• EXERCISE INSTRUCTIONS
Return the material below exactly, but only from the line with "07.09.2025 - BARMER" through the line with "momen pemakaman ayah", and without its pictures.

• INPUT FOR THIS TASK
►
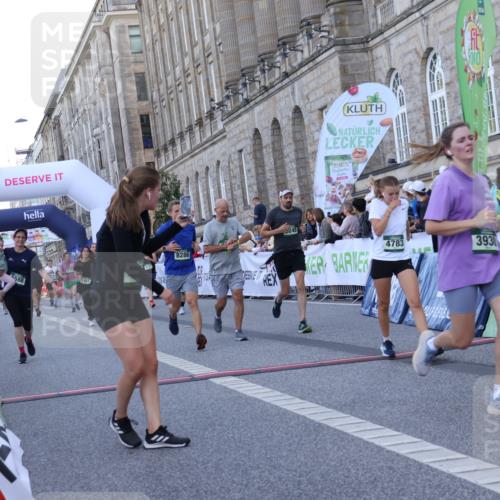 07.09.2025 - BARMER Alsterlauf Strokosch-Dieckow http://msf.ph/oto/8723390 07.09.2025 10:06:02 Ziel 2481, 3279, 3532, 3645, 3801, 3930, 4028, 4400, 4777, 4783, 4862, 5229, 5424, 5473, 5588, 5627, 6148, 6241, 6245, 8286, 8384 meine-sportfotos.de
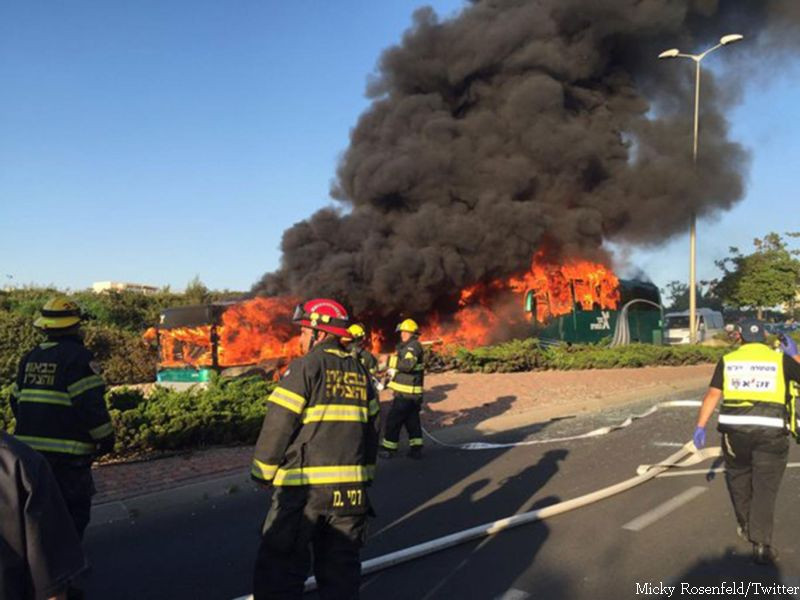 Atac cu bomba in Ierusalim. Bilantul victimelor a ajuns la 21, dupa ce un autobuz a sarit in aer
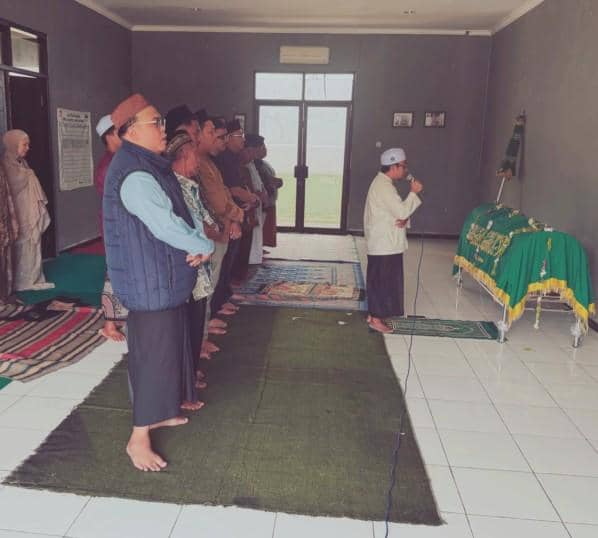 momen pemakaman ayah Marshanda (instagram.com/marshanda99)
◄
►
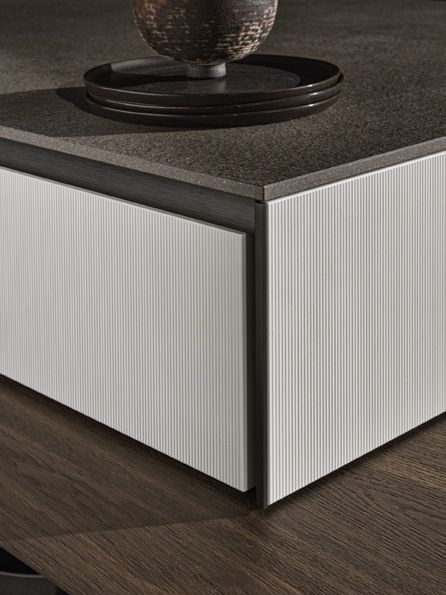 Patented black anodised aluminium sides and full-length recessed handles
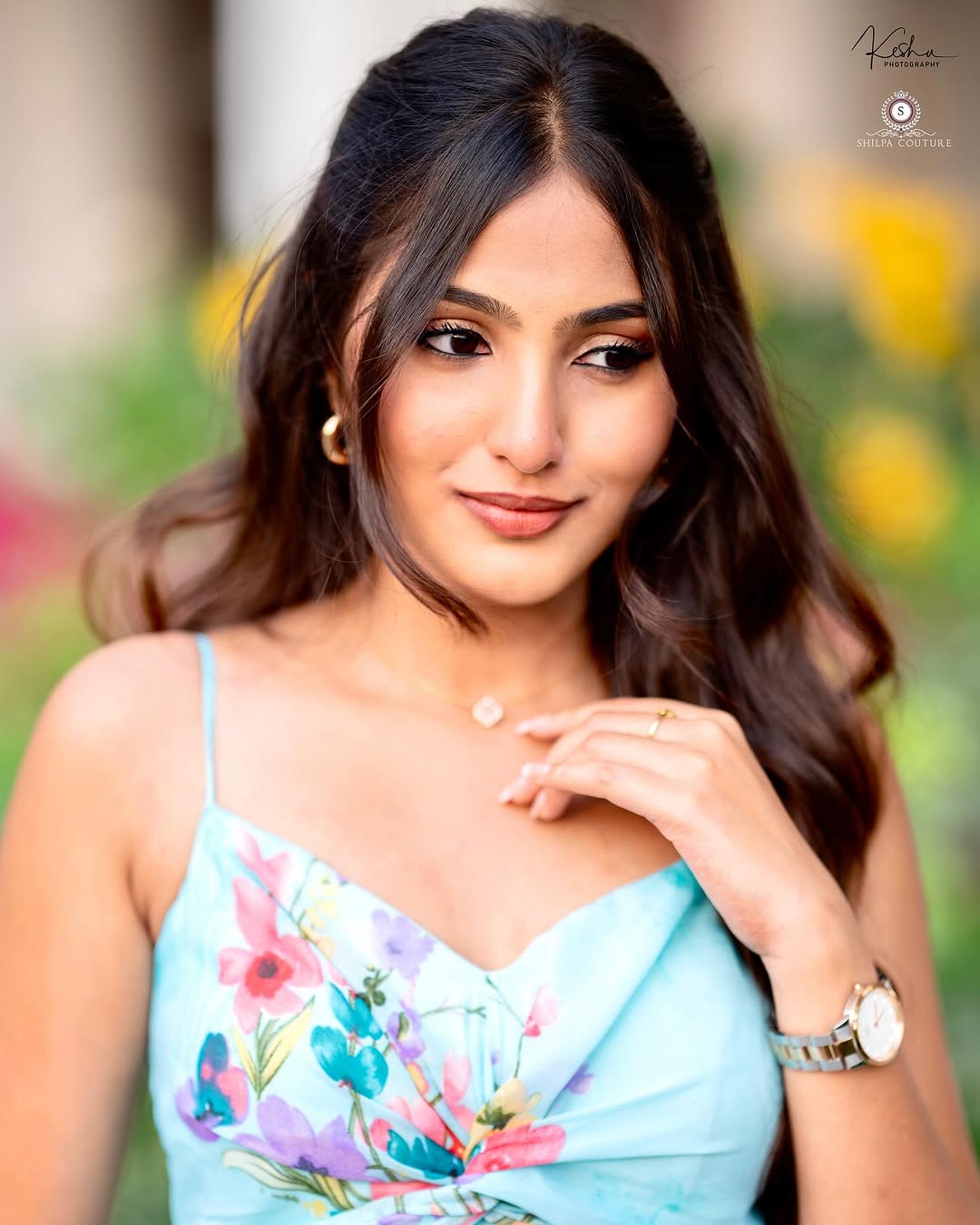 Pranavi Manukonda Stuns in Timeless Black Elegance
◄
• ANSWER FOR THIS EXERCISE
 07.09.2025 - BARMER Alsterlauf Strokosch-Dieckow http://msf.ph/oto/8723390 07.09.2025 10:06:02 Ziel 2481, 3279, 3532, 3645, 3801, 3930, 4028, 4400, 4777, 4783, 4862, 5229, 5424, 5473, 5588, 5627, 6148, 6241, 6245, 8286, 8384 meine-sportfotos.de
 Atac cu bomba in Ierusalim. Bilantul victimelor a ajuns la 21, dupa ce un autobuz a sarit in aer
 momen pemakaman ayah Marshanda (instagram.com/marshanda99)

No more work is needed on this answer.